# Web Scraping Lab

You will find in this notebook some scrapy exercises to practise your scraping skills.

**Tips:**

- Check the response status code for each request to ensure you have obtained the intended content.
- Print the response text in each request to understand the kind of info you are getting and its format.
- Check for patterns in the response text to extract the data/info requested in each question.
- Visit the urls below and take a look at their source code through Chrome DevTools. You'll need to identify the html tags, special class names, etc used in the html content you are expected to extract.

**Resources**:
- [Requests library](http://docs.python-requests.org/en/master/#the-user-guide)
- [Beautiful Soup Doc](https://www.crummy.com/software/BeautifulSoup/bs4/doc/)
- [Urllib](https://docs.python.org/3/library/urllib.html#module-urllib)
- [re lib](https://docs.python.org/3/library/re.html)
- [lxml lib](https://lxml.de/)
- [Scrapy](https://scrapy.org/)
- [List of HTTP status codes](https://en.wikipedia.org/wiki/List_of_HTTP_status_codes)
- [HTML basics](http://www.simplehtmlguide.com/cheatsheet.php)
- [CSS basics](https://www.cssbasics.com/#page_start)

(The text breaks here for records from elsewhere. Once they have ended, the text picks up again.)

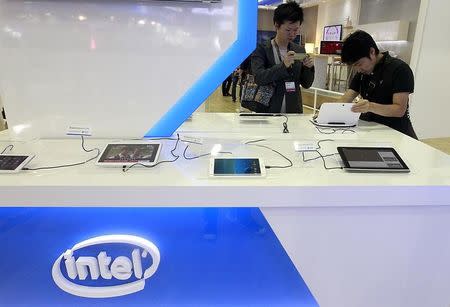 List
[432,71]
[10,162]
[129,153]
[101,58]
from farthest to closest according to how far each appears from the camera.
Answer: [432,71]
[101,58]
[129,153]
[10,162]

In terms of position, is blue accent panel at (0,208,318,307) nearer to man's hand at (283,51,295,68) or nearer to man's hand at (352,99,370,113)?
man's hand at (352,99,370,113)

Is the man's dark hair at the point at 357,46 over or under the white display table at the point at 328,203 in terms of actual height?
over

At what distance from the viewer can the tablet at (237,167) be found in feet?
3.54

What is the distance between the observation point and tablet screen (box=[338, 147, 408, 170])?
1145 mm

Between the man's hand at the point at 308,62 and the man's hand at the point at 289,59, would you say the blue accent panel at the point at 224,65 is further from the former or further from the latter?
the man's hand at the point at 308,62

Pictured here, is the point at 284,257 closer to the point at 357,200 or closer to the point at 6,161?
the point at 357,200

#### Below are the libraries and modules you may need. `requests`,  `BeautifulSoup` and `pandas` are already imported for you. If you prefer to use additional libraries feel free to do it.

In [1]:
import requests
from bs4 import BeautifulSoup
import pandas as pd

#### Download, parse (using BeautifulSoup), and print the content from the Trending Developers page from GitHub:

In [2]:
# This is the url you will scrape in this exercise
url = 'https://github.com/trending/developers'

In [3]:
# your code here
response = requests.get(url)

In [16]:
if response.status_code == 200:
    # Parse the HTML content of the page using BeautifulSoup
    soup = BeautifulSoup(response.text, 'html.parser')
    
    # Find the elements containing developer names and repositories
    developer_items = soup.find_all('article', class_='Box-row')

    # Iterate through the developer items and print their details
    for index, developer_item in enumerate(developer_items, start=1):
        # Extract the developer name
        developer_name = developer_item.find('h1').get_text(strip=True)
        
        # Extract the developer's username/repository
        developer_repo = developer_item.find('h1').find_next('p').get_text(strip=True)
        
        # Print the developer's rank, name, and repository
        print(f'{index}. {developer_name} ({developer_repo})')
else:
    print(f'Failed to retrieve the page. Status code: {response.status_code}')

1. phuocng (moklick)
2. Moritz Klack (moklick)
3. Rui Chen (chenrui333)
4. Vladimir Kharlampidi (nolimits4web)
5. Stan Girard (StanGirard)
6. Matthias Fey (rusty1s)
7. Olivier Halligon (AliSoftware)
8. Sean DuBois (Sean-Der)
9. Paul Frazee (pfrazee)
10. Ariel Mashraki (a8m)
11. jdx (refcell)
12. refcell.eth (refcell)
13. MichaIng (Yidadaa)
14. Yifei Zhang (Yidadaa)
15. Eugene Yurtsev (eyurtsev)
16. Carlos Scheidegger (cscheid)
17. Robin Appelman (icewind1991)
18. Romain Beauxis (toots)
19. Zoltan Kochan (zkochan)
20. lwouis (ClearlyClaire)
21. Claire (ClearlyClaire)
22. Nathan Rajlich (TooTallNate)
23. James M Snell (jasnell)
24. Adrian Garcia Badaracco (adriangb)
25. Juan Julián Merelo Guervós (JJ)


#### 1. Display the names of the trending developers retrieved in the previous step.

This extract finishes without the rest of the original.